OZAV – Operationszone Alpenvorland

/

Following the Ordinance issued by Hitler on 10 September 1943, which divided Italy into “operations zones and the remaining occupied territory”, the provinces of Trento, Bolzano and Belluno – from which the municipalities of Cortina d’Ampezzo, Livinallongo del Col di Lana and Colle Santa Lucia were transferred to the jurisdiction of Bolzano – became part of the Operationszone Alpenvorland (Prealps Operations Zone, OZAV).
The governor of Tyrol, Franz Hofer, was appointed Supreme Commissioner, and was determined to reunify the ancient county of Tyrol divided between Italy and the Reich.

In this scenario, already envisaged under the “Options”, which had begun in 1939 and gave German-speaking South Tyroleans the possibility of leaving Italy to move to the territories of the Reich, the question of forced labour became crucial.

The need to replace workers who had moved away, on the one hand, and to restore repeatedly bombed roads and railway lines, on the other, led to the massive recruitment of manpower, especially from the province of Belluno, assigned to Bolzano, Innsbruck and Landek, as well as from Eastern Europe. This recruitment was initially carried out on a voluntary basis, later through conscription.

From the spring of 1944 onwards, when the reluctance to apply for jobs in Germany spread, and at the same time the partisan struggle intensified, the dragnets and roundups, carried out systematically in the Belluno area, often provided forced labour, this time for German industries.
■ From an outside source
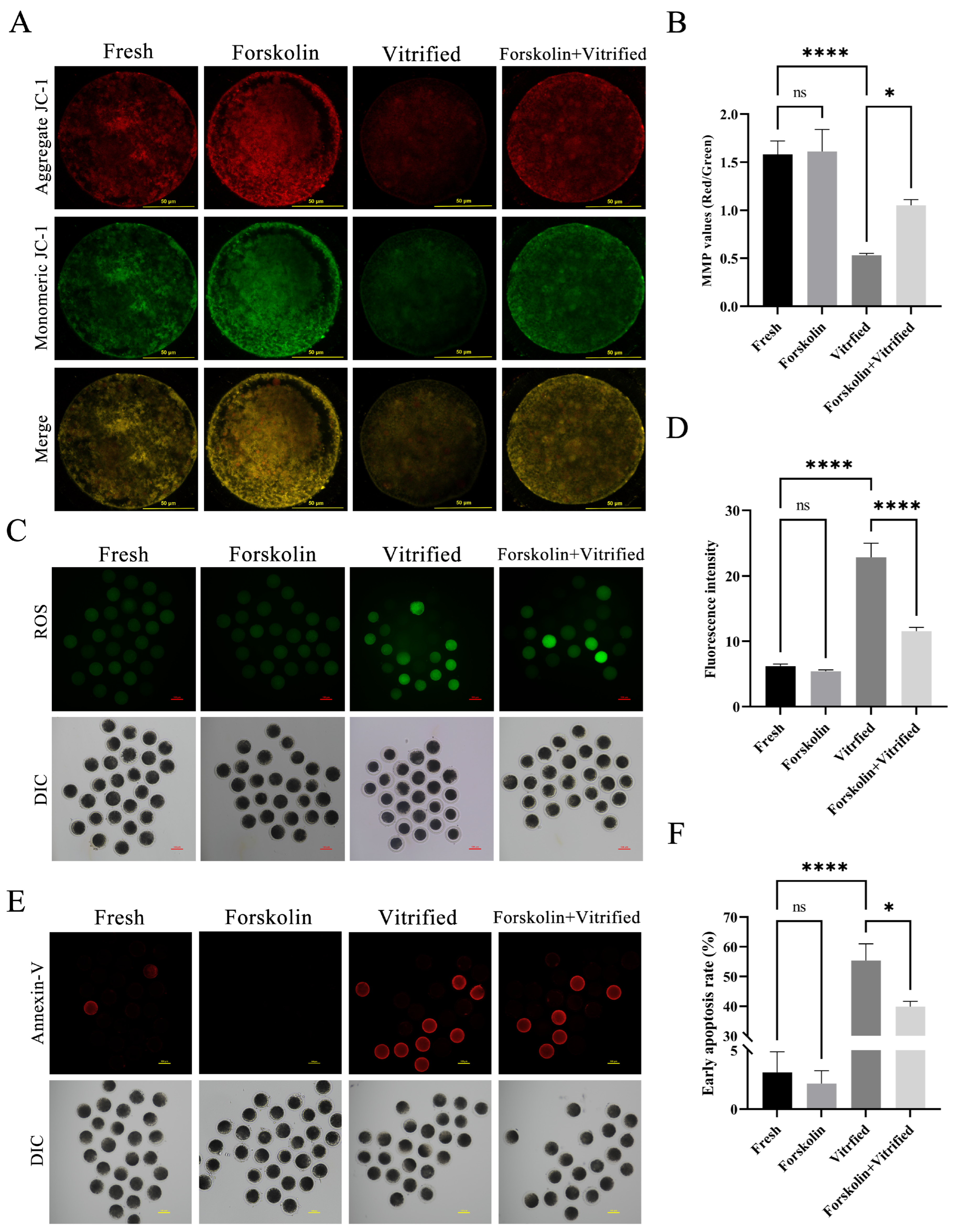 Cells 15 01909 g003 Cells 15 01909 g003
In addition to this, hundreds of men in the province were employed by Organisation Todt in the construction of an impressive anti-aircraft defence and protection system.
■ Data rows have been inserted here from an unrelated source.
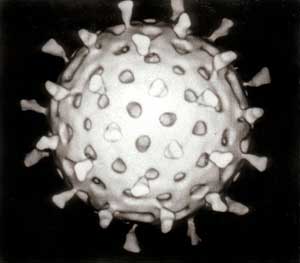 Rotavirus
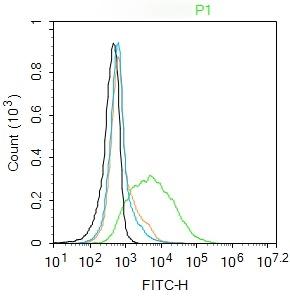 Anti-Leptin Receptor Polyclonal Antibody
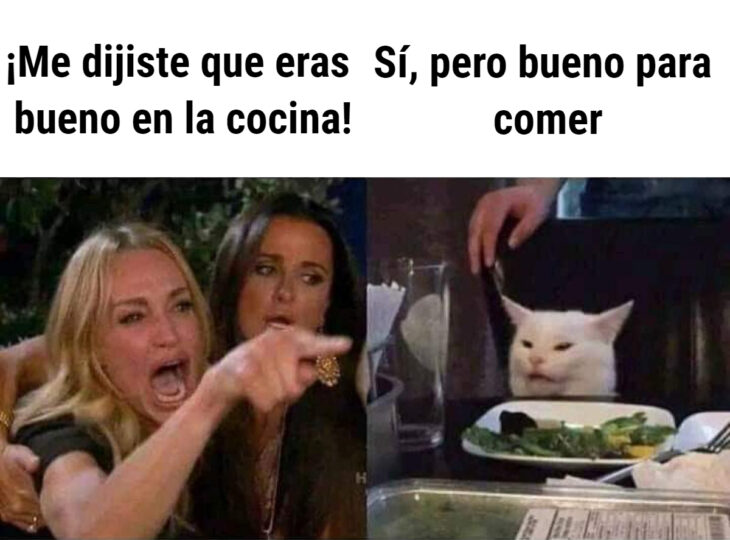 Los memes virales del 2020; mujer gritándole al gato confundido en la mesa; Taylor Armstrong, Kylie Richards de The Real Housewives of Beverly Hills, y el felino blanco Smudge al que no le gustan las verduras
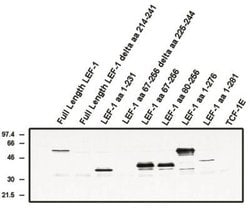 LEF1 Antibody (1C3), Novus Biologicals 100&mu;g:Antibodies, Monoclonal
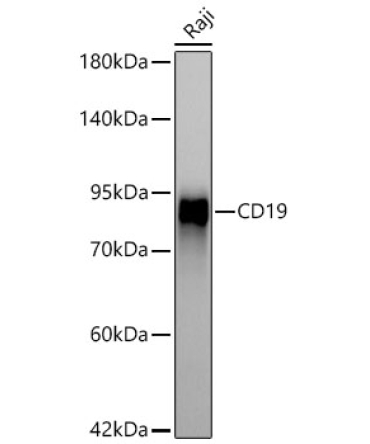 CD19 Rabbit Monoclonal Antibody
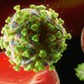 HIV virus particle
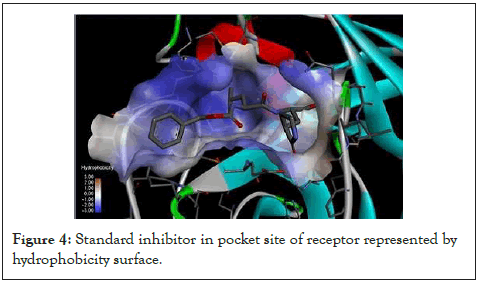 enzyme-inhibitor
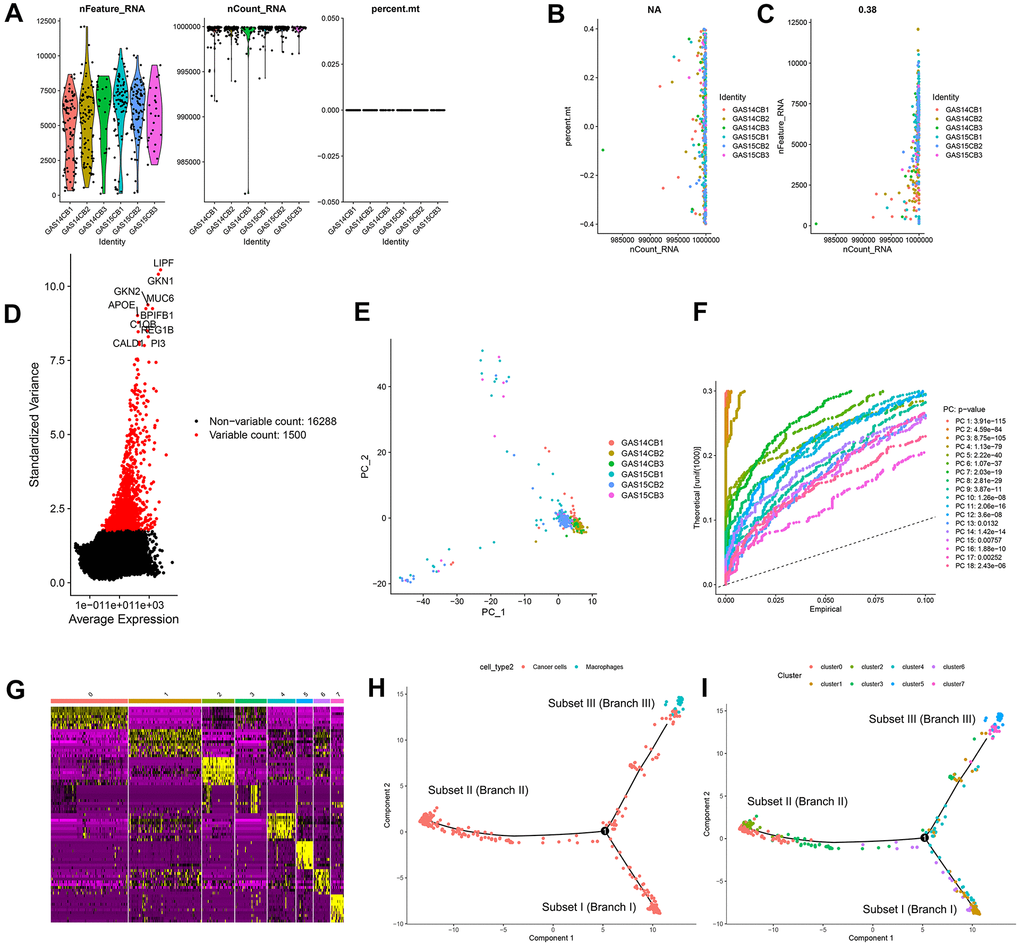 Quality control and normalization of scRNA-seq data, dimensionality reduction and cell trajectory analysis. (A) After quality control and normalization, 2 nonconforming cells were excluded, and 400 cells were screened for further analysis. (B) Correlation analysis between sequencing depth and mitochondrial gene sequences was detected. (C) Correlation analysis between sequencing depth and total intracellular sequences. (D) A total of 16,288 genes were analyzed, of which 14,788 had low intercellular variation and 1,500 had high variation. (E) PCA based on scRNA-seq data. (F) Eighteen PCs with significant differences were identified with P G) Four hundred GC cells were aggregated into 8 clusters and the top 10% of marker genes in each cluster are displayed on the heat map. (H, I) Pseudotime and trajectory analysis. PCA: principal component analysis, PCs: principal components, GC: gastric cancer.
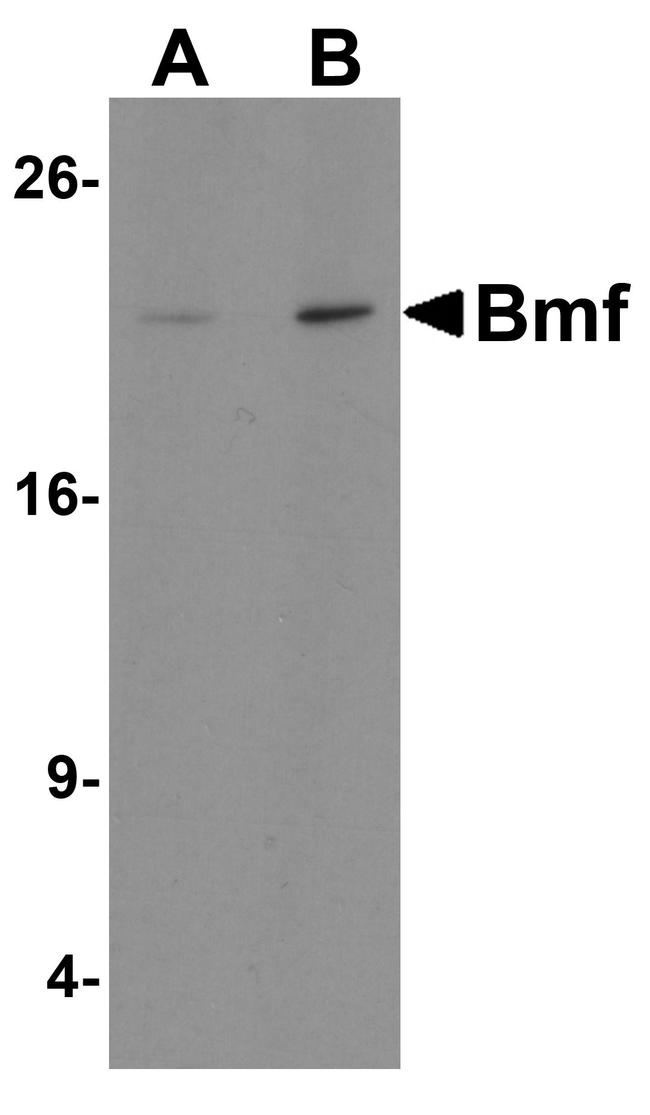 Bmf Antibody in Western Blot (WB)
Thus it was that the concentration camp of Bolzano, which became operational on 15 May 1944 as a labour re-education camp (Arbeitserziehungslager), in August the following year became a transit and police camp (Polizei – und Durchgangslager) where the fates of those sent to the labour camps in the satellite facilities, those sent to labour camps in the Reich, and those to the KL, diversified.